**What is expected**
Restate the full listing word for word and leave the pictures out.

**Listed records**
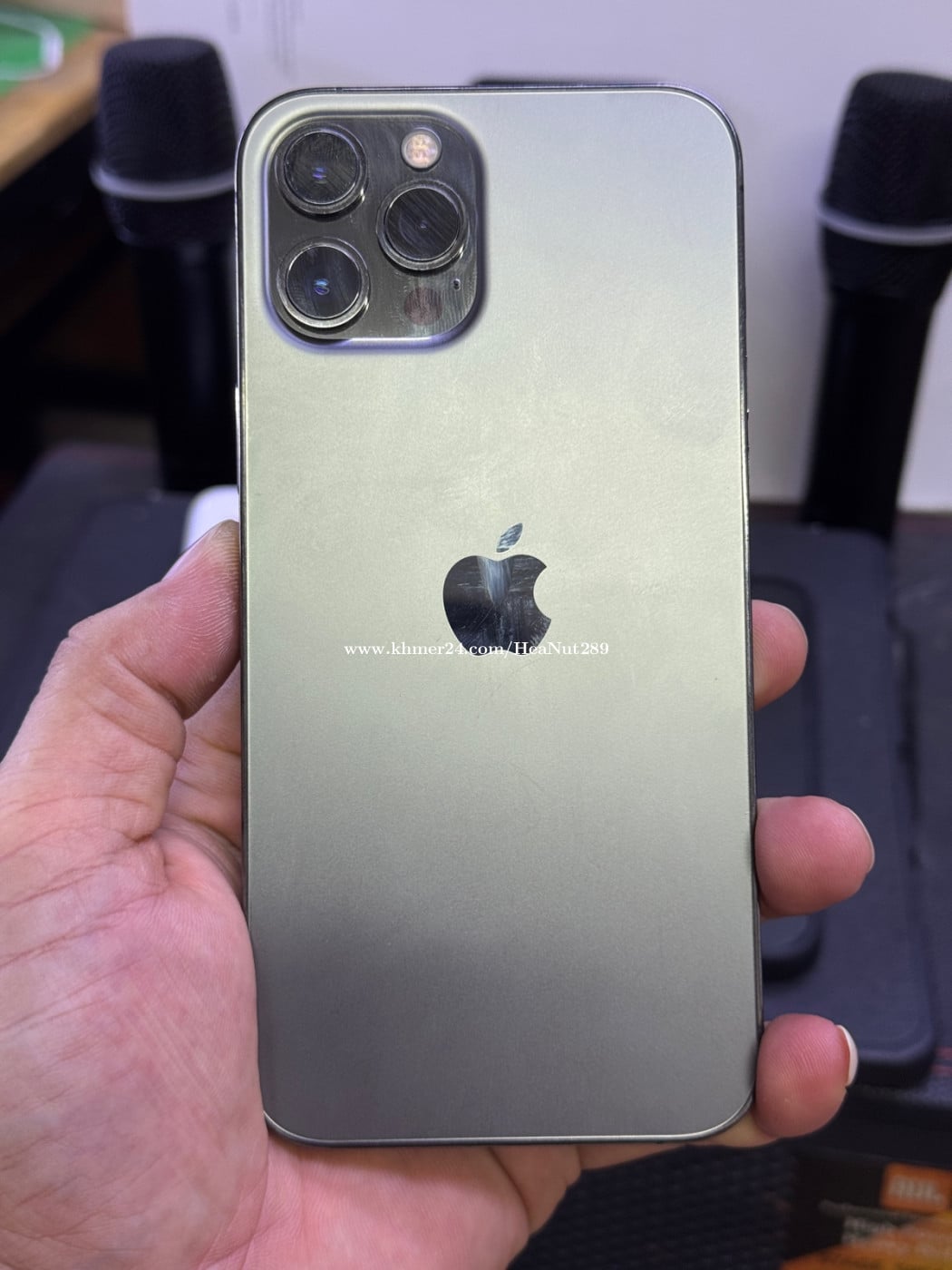 iPhone 12 Pro Max 256G LL/A 97% ធ្លាប់ប្តូរថ្ម និង Camera ក្រោយ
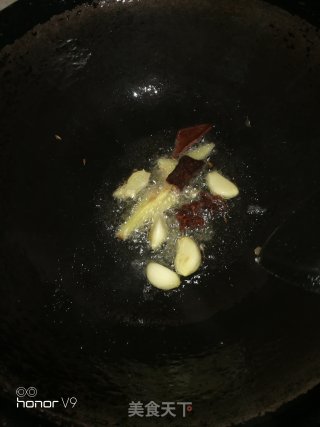 西红柿炖牛肉的做法步骤：5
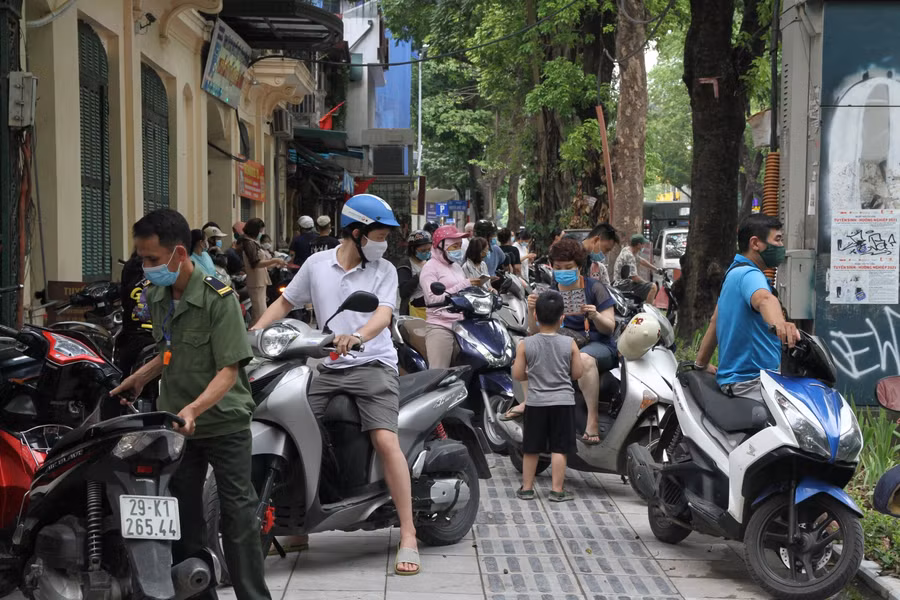 Phụ huynh chờ đón thí sinh tại khu vực điểm thi trường THPT Trần Phú.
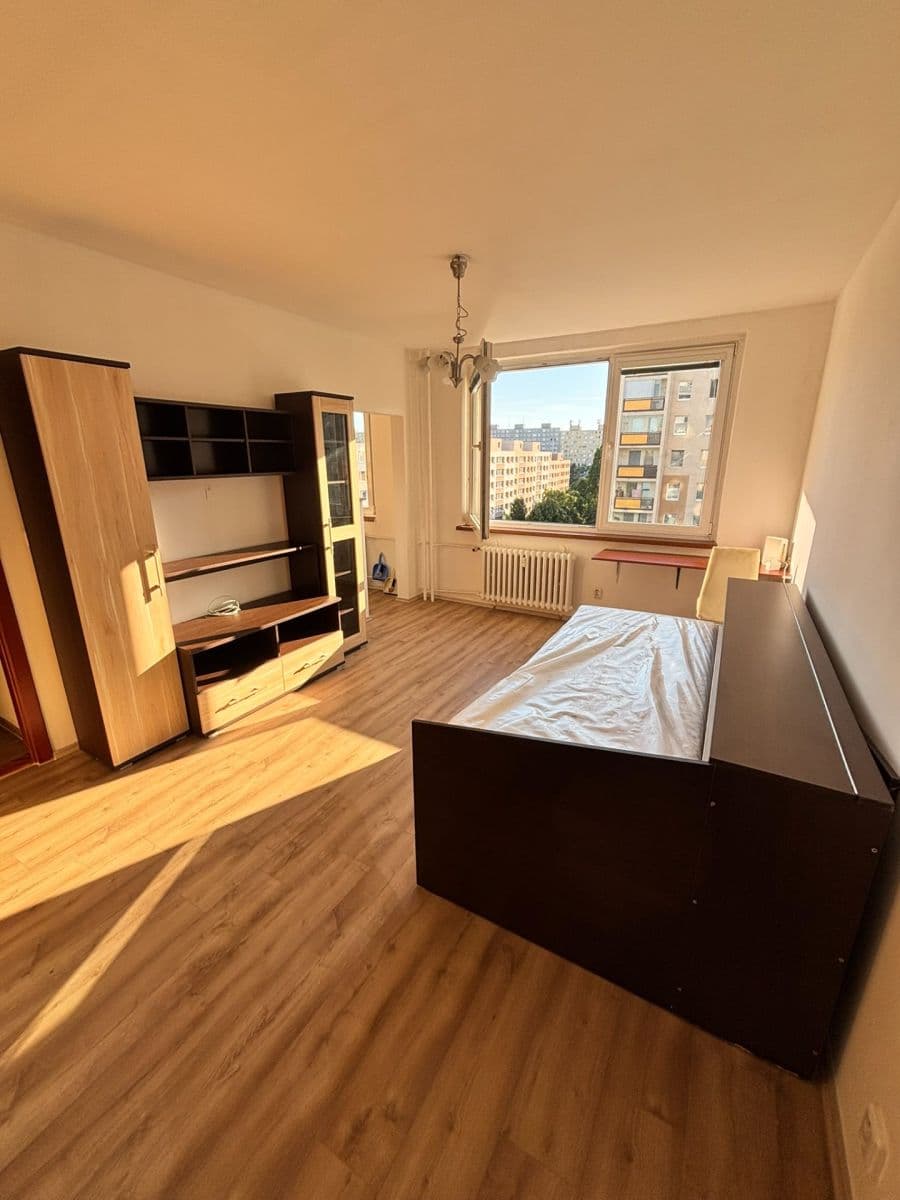 1 bedroom flat to rent, 32 m², Brodského, Prague, Prague 1 bedroom flat to rent, 32 m², Brodského, Prague, Prague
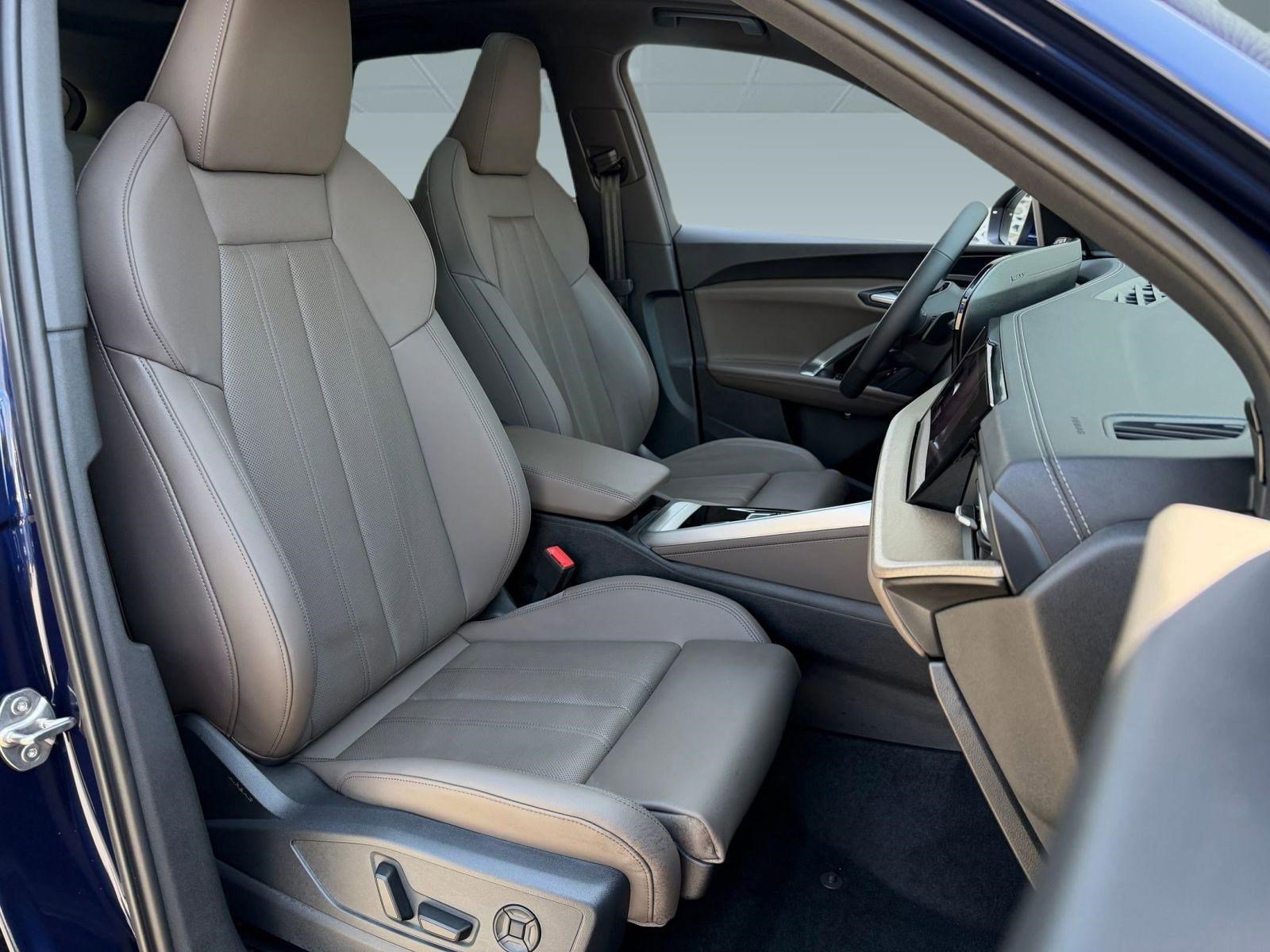 New 2026 Audi Q5 Premium AWD/4WD image 32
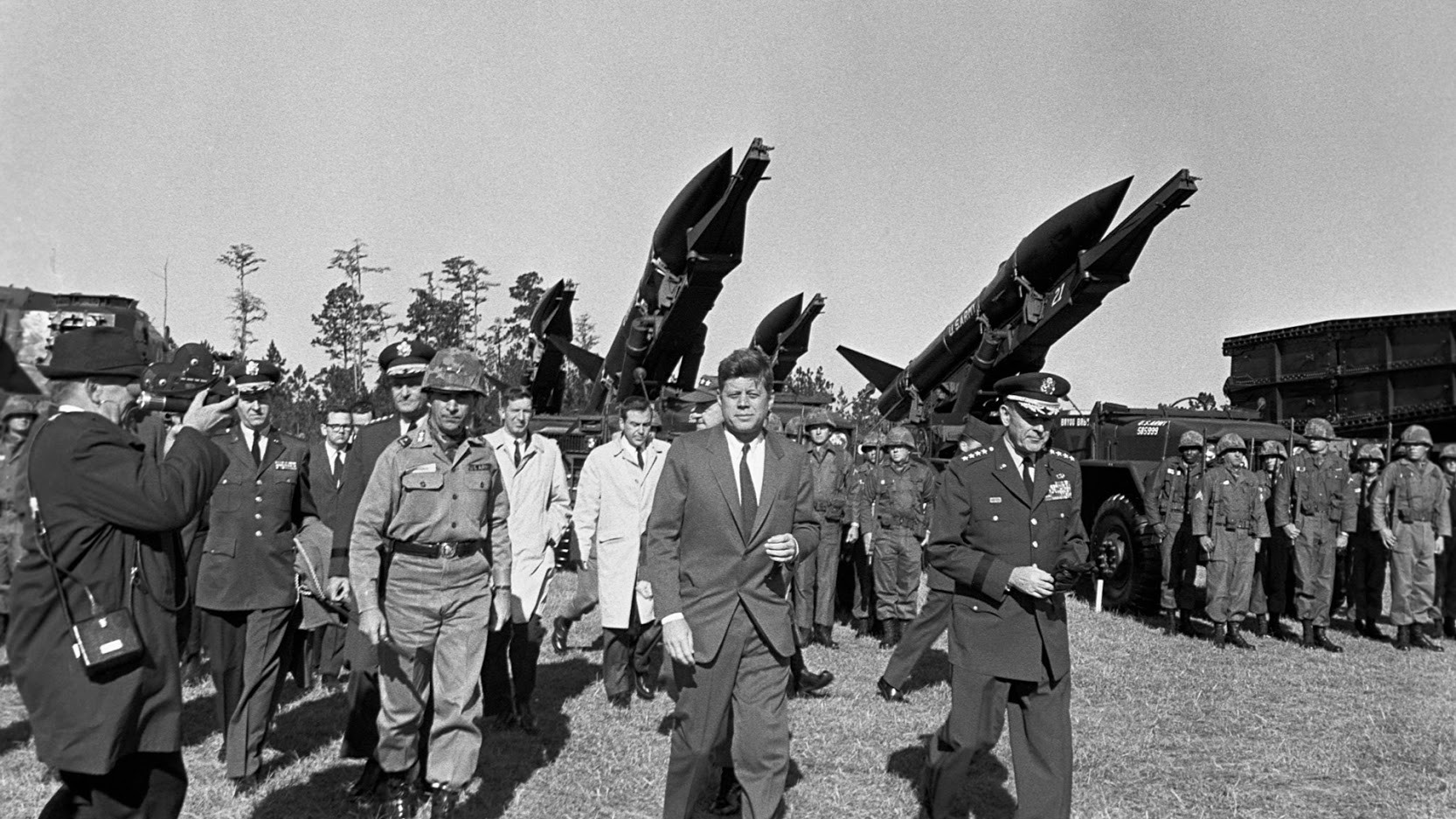 Predsjednik Kennedy na sastanku s američkim vojnim dužnosnicima tokom Kubanske krize.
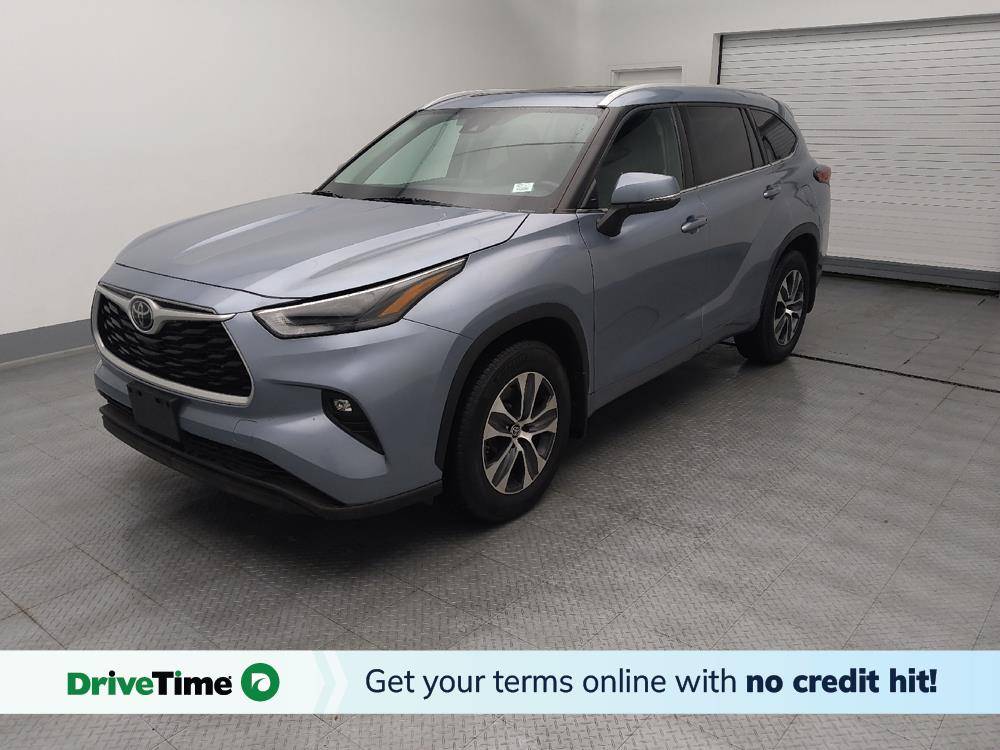 2022 Toyota Highlander XLE — SUV — 101,828 mi — Gladstone, MO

**Answer box**
 iPhone 12 Pro Max 256G LL/A 97% ធ្លាប់ប្តូរថ្ម និង Camera ក្រោយ
 西红柿炖牛肉的做法步骤：5
 Phụ huynh chờ đón thí sinh tại khu vực điểm thi trường THPT Trần Phú.
 1 bedroom flat to rent, 32 m², Brodského, Prague, Prague 1 bedroom flat to rent, 32 m², Brodského, Prague, Prague
 New 2026 Audi Q5 Premium AWD/4WD image 32
 Predsjednik Kennedy na sastanku s američkim vojnim dužnosnicima tokom Kubanske krize.
 2022 Toyota Highlander XLE — SUV — 101,828 mi — Gladstone, MO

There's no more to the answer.